Would you please retype, exactly, the lines of the listing below between the line with "Captura de tela de Musicolet 2" and the line with "Vintage Retro Cat Eye Sunglasses", inclusive?

______________________________

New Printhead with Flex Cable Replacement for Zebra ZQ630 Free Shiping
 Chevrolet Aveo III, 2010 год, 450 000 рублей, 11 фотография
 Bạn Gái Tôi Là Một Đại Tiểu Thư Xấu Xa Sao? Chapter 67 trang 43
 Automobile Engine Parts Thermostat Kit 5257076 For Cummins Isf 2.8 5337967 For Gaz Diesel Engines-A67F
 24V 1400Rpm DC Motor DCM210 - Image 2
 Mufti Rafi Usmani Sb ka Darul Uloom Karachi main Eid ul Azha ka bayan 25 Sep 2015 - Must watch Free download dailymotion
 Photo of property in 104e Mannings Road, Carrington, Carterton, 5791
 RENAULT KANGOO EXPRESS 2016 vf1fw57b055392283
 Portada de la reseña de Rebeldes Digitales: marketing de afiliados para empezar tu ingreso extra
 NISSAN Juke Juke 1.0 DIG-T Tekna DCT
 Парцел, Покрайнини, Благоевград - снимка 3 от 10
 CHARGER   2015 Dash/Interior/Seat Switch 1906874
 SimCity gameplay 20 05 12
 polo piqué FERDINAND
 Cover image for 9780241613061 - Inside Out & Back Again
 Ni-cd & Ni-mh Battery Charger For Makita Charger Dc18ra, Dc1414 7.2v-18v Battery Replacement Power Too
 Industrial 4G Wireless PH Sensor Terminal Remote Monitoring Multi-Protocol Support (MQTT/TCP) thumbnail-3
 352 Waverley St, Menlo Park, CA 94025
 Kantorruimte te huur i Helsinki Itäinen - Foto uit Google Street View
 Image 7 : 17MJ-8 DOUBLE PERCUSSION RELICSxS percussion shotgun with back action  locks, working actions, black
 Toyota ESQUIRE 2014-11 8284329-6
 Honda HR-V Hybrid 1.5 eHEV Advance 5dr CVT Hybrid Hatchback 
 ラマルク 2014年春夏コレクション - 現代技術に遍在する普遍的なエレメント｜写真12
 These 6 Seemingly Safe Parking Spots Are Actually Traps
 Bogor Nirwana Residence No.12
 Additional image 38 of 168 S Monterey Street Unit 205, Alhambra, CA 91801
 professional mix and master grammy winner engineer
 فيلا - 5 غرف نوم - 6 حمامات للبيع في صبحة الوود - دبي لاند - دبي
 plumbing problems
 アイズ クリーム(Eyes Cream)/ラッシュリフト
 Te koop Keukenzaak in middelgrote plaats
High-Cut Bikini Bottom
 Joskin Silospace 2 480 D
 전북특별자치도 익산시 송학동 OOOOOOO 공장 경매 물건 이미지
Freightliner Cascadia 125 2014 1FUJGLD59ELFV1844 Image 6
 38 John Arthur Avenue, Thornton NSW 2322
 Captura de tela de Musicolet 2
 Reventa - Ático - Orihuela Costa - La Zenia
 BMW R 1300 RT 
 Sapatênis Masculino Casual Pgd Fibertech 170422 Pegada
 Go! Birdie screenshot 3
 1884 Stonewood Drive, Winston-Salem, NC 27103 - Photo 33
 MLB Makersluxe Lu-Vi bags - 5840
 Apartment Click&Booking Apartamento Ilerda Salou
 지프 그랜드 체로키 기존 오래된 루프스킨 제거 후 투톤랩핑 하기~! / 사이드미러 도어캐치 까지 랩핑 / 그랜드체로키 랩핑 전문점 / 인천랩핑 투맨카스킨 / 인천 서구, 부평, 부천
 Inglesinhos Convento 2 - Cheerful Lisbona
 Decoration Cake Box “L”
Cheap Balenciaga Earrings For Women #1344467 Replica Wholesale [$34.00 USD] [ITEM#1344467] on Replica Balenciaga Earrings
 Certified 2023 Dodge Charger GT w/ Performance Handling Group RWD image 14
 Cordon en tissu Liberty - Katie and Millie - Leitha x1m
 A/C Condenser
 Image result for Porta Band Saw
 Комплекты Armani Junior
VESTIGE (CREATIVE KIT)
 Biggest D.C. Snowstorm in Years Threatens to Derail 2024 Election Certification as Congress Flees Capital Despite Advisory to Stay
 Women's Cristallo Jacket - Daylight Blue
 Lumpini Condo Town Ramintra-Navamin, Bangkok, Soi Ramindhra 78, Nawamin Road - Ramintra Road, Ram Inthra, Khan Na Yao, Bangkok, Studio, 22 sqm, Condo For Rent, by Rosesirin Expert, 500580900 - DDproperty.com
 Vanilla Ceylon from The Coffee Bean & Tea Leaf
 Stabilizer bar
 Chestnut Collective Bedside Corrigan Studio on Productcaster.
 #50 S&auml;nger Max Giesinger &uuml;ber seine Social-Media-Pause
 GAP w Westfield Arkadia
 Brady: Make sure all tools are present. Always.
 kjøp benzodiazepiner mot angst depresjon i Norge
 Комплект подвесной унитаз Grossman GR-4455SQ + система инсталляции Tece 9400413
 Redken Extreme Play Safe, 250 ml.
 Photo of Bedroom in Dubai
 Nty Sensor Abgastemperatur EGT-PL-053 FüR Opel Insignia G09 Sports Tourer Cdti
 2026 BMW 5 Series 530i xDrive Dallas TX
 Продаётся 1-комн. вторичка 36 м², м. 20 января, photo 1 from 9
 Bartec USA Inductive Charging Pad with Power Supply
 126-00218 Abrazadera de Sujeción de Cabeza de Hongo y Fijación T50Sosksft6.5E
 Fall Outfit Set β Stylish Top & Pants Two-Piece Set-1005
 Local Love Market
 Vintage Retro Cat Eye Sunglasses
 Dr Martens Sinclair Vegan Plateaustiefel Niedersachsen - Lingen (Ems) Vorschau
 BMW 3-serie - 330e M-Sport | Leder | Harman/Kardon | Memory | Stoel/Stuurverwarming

______________________________

Response area >>
 Captura de tela de Musicolet 2
 Reventa - Ático - Orihuela Costa - La Zenia
 BMW R 1300 RT 
 Sapatênis Masculino Casual Pgd Fibertech 170422 Pegada
 Go! Birdie screenshot 3
 1884 Stonewood Drive, Winston-Salem, NC 27103 - Photo 33
 MLB Makersluxe Lu-Vi bags - 5840
 Apartment Click&Booking Apartamento Ilerda Salou
 지프 그랜드 체로키 기존 오래된 루프스킨 제거 후 투톤랩핑 하기~! / 사이드미러 도어캐치 까지 랩핑 / 그랜드체로키 랩핑 전문점 / 인천랩핑 투맨카스킨 / 인천 서구, 부평, 부천
 Inglesinhos Convento 2 - Cheerful Lisbona
 Decoration Cake Box “L”
Cheap Balenciaga Earrings For Women #1344467 Replica Wholesale [$34.00 USD] [ITEM#1344467] on Replica Balenciaga Earrings
 Certified 2023 Dodge Charger GT w/ Performance Handling Group RWD image 14
 Cordon en tissu Liberty - Katie and Millie - Leitha x1m
 A/C Condenser
 Image result for Porta Band Saw
 Комплекты Armani Junior
VESTIGE (CREATIVE KIT)
 Biggest D.C. Snowstorm in Years Threatens to Derail 2024 Election Certification as Congress Flees Capital Despite Advisory to Stay
 Women's Cristallo Jacket - Daylight Blue
 Lumpini Condo Town Ramintra-Navamin, Bangkok, Soi Ramindhra 78, Nawamin Road - Ramintra Road, Ram Inthra, Khan Na Yao, Bangkok, Studio, 22 sqm, Condo For Rent, by Rosesirin Expert, 500580900 - DDproperty.com
 Vanilla Ceylon from The Coffee Bean & Tea Leaf
 Stabilizer bar
 Chestnut Collective Bedside Corrigan Studio on Productcaster.
 #50 S&auml;nger Max Giesinger &uuml;ber seine Social-Media-Pause
 GAP w Westfield Arkadia
 Brady: Make sure all tools are present. Always.
 kjøp benzodiazepiner mot angst depresjon i Norge
 Комплект подвесной унитаз Grossman GR-4455SQ + система инсталляции Tece 9400413
 Redken Extreme Play Safe, 250 ml.
 Photo of Bedroom in Dubai
 Nty Sensor Abgastemperatur EGT-PL-053 FüR Opel Insignia G09 Sports Tourer Cdti
 2026 BMW 5 Series 530i xDrive Dallas TX
 Продаётся 1-комн. вторичка 36 м², м. 20 января, photo 1 from 9
 Bartec USA Inductive Charging Pad with Power Supply
 126-00218 Abrazadera de Sujeción de Cabeza de Hongo y Fijación T50Sosksft6.5E
 Fall Outfit Set β Stylish Top & Pants Two-Piece Set-1005
 Local Love Market
 Vintage Retro Cat Eye Sunglasses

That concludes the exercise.